Exercise. For the records shown below, return an exact copy that excludes the pictures.

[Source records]

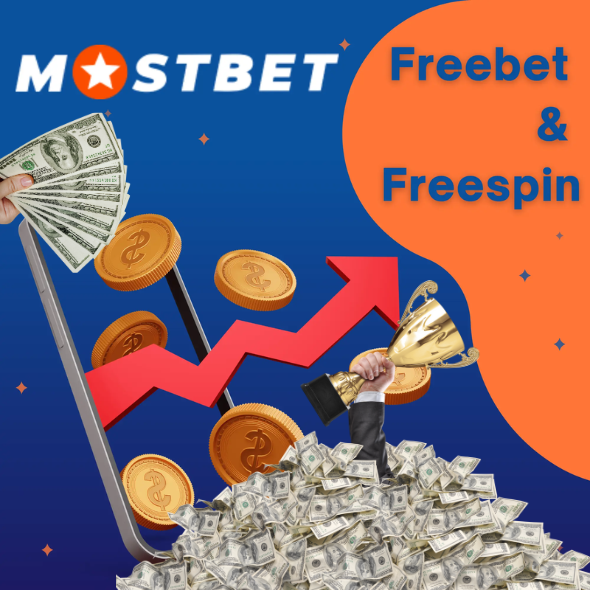 Mostbet Freebet & Freespin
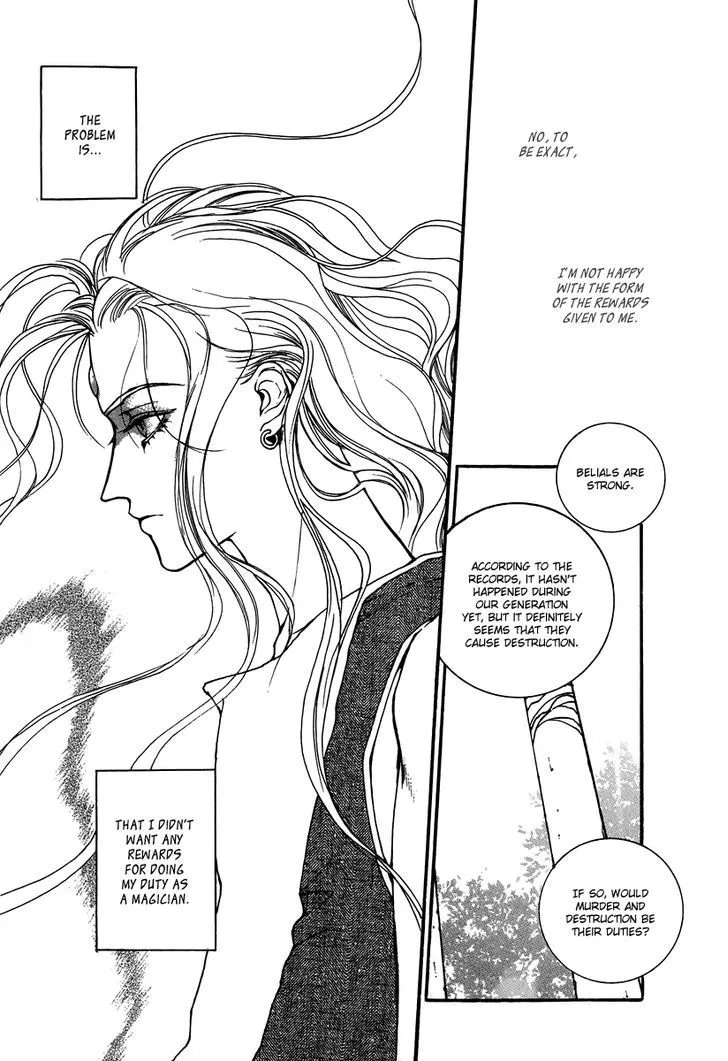 Masca: The Beginning Chapter 3 page 7 - 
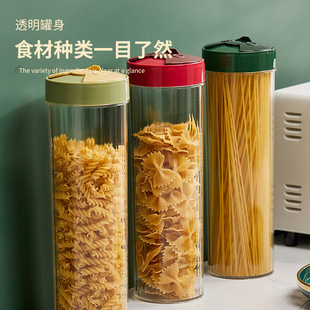 Sealed Jar Food Grade Grain Noodles Storage Box Noodles Storage Tube Kitchen Pasta Storage Jar Storage Jar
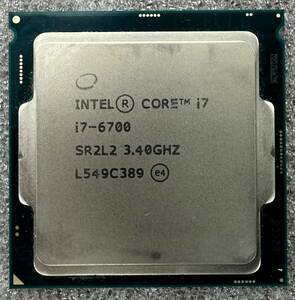 Intel Core I7-6700 I7 6700 3.4 GHz Quad-core Eight-Threaded 65w CPU Processor LGA 1151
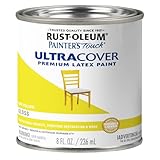 Rust-Oleum 1945730 Painter's Touch Latex Paint, Half Pint, Gloss Sun Yellow, 8 Fl Oz (Pack of 1)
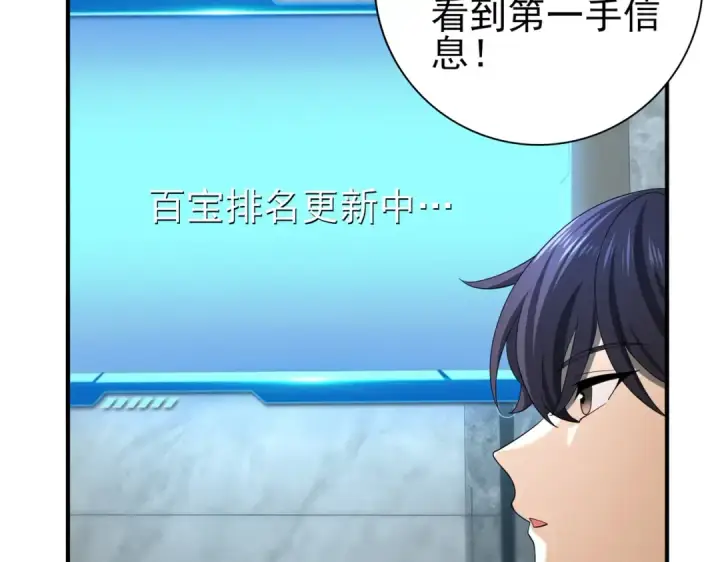 《全民转职：驭龙师是最弱职业？》第44话 在月光下兜风图37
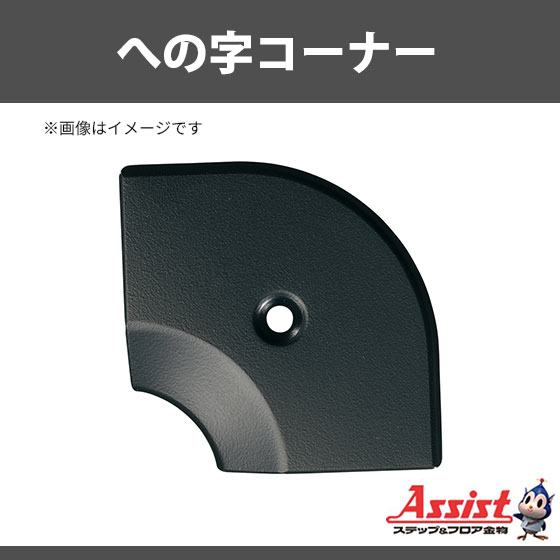 ヘの字コーナー　アシスト　20-112LBLコーナー　ブラック 入隅　1個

The answer.
 Mostbet Freebet & Freespin
 Masca: The Beginning Chapter 3 page 7 - 
 Sealed Jar Food Grade Grain Noodles Storage Box Noodles Storage Tube Kitchen Pasta Storage Jar Storage Jar
 Intel Core I7-6700 I7 6700 3.4 GHz Quad-core Eight-Threaded 65w CPU Processor LGA 1151
 Rust-Oleum 1945730 Painter's Touch Latex Paint, Half Pint, Gloss Sun Yellow, 8 Fl Oz (Pack of 1)
 《全民转职：驭龙师是最弱职业？》第44话 在月光下兜风图37
 ヘの字コーナー　アシスト　20-112LBLコーナー　ブラック 入隅　1個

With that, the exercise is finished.